『笔记』M^2Det

『笔记』M^2Det

2022年上半年同样一篇LSS流派做纯视觉的multi-view images的三维目标检测。在这里做一个简单记录

3 Method

3.1 M^2BEV Pipeline

Part1: 2D Image Encoder.
Part2: 2D→3D Projection.
Part3: 3D BEV Encoder.
Part4: 3D Detection Head.
Part5: BEV Segmentation Head.

3.2 Efficient 2D→3D Projection

Our Approach. Here, we assume the depth distribution along the ray is uniform, which means that all voxels along a camera ray are filled with the same features corresponding to a single pixel in P in 2D space. This uniform assumption increases the computational and memory efficiency by reducing the number of learned parameters

Comparison with LSS. The most related work to M2 BEV is LSS [27], which implicitly predicts a non-uniform depth distribution and lifts 2D features from H × W to H × W × D, typically with D ≥ 50, where D is the size of the categorical depth distribution. This step is very memory-expensive, prohibiting LSS from using a larger network or high-resolution images as input; We evaluate LSS and find the GPU memory of LSS is 3× higher than ours.

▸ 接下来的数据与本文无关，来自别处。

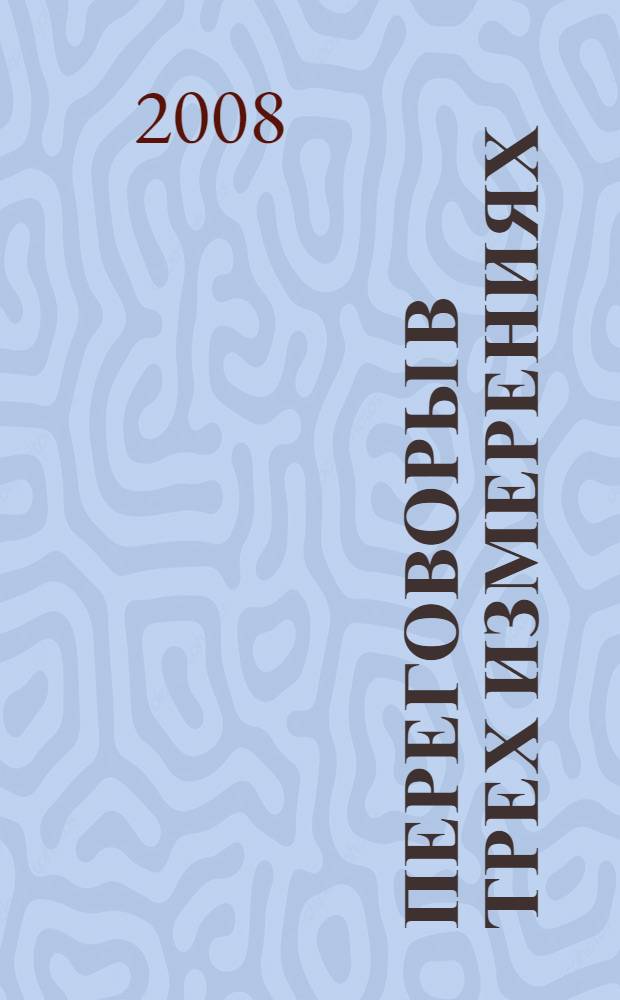Переговоры в трех измерениях : мощные инструменты для изменения правил игры при заключении самых важных сделок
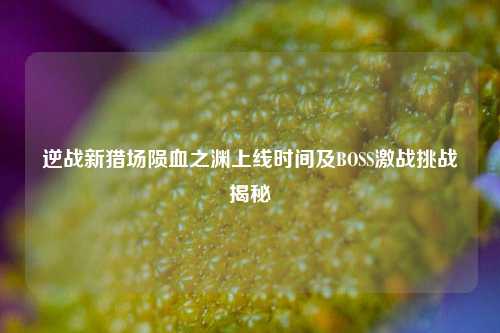 逆战新猎场陨血之渊上线时间及BOSS激战挑战揭秘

Moreover, the image size of popular AV datasets, e.g. nuScenes, is 1600 × 900, and advanced monocular 3D detectors typically use ResNet- 101 as a backbone. However, LSS only uses a small backbone (EfficientNet-B0) and the input image size is only 128 × 384. In contrast, we do not implicitly estimate the depth when lifting 2D features to 3D as in LSS. As a result, our projection is more efficient and does not need learned parameters, which allows us to use a larger backbone (ResNet- 101) and higher resolution input (1600 × 900)

3.3 Improvement Designs

Efficient BEV Encoder. Spatial to Channel (S2C). It is impossible to build a heavy BEV encoder with 3D convolutions. However, S2C allows us to easily use and stack more 2D convolutions. (3D vs. S2C + 2D)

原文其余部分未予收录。